Task statement
In the entries below, the lines from the one with "Volkswagen T-Roc usata a Bologna (14)" through the one with "Vai trò của Casino trong du lịch hiện đại" are to be copied exactly; both ends count.
· · ·
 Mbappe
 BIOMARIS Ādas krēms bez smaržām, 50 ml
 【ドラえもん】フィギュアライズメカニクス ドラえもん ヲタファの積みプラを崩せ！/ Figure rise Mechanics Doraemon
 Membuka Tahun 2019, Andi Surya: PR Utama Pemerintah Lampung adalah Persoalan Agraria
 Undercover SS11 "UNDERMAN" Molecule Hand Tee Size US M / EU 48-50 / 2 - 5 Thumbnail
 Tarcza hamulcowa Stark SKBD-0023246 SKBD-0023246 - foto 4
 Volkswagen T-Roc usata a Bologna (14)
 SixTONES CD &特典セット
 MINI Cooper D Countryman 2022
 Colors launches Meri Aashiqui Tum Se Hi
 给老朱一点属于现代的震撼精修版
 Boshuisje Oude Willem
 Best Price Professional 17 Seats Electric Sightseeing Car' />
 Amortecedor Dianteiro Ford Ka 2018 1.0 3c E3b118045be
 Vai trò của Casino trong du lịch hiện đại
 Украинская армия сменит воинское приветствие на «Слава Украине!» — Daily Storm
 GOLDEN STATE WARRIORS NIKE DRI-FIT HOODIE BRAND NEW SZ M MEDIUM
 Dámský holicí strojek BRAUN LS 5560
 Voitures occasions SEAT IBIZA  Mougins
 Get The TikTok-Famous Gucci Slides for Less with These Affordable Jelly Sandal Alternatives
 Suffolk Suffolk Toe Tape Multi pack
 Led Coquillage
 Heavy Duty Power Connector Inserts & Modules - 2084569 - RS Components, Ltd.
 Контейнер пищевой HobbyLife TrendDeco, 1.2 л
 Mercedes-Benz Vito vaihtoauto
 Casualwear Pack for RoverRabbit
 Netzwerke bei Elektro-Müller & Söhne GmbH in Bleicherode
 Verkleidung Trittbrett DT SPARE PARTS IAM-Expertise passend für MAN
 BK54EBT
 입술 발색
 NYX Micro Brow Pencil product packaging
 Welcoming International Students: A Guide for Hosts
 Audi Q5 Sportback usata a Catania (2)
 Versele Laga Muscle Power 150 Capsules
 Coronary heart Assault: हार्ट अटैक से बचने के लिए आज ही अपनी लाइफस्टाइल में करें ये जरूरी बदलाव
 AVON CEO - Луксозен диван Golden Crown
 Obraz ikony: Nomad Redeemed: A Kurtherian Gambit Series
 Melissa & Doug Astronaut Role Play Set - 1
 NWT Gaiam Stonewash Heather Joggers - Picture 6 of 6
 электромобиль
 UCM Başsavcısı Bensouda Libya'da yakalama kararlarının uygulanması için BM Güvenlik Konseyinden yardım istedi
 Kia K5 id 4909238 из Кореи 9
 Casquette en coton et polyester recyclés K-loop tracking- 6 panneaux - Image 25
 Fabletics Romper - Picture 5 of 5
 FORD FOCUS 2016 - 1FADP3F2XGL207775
· · ·
Exercise result
 Volkswagen T-Roc usata a Bologna (14)
 SixTONES CD &特典セット
 MINI Cooper D Countryman 2022
 Colors launches Meri Aashiqui Tum Se Hi
 给老朱一点属于现代的震撼精修版
 Boshuisje Oude Willem
 Best Price Professional 17 Seats Electric Sightseeing Car' />
 Amortecedor Dianteiro Ford Ka 2018 1.0 3c E3b118045be
 Vai trò của Casino trong du lịch hiện đại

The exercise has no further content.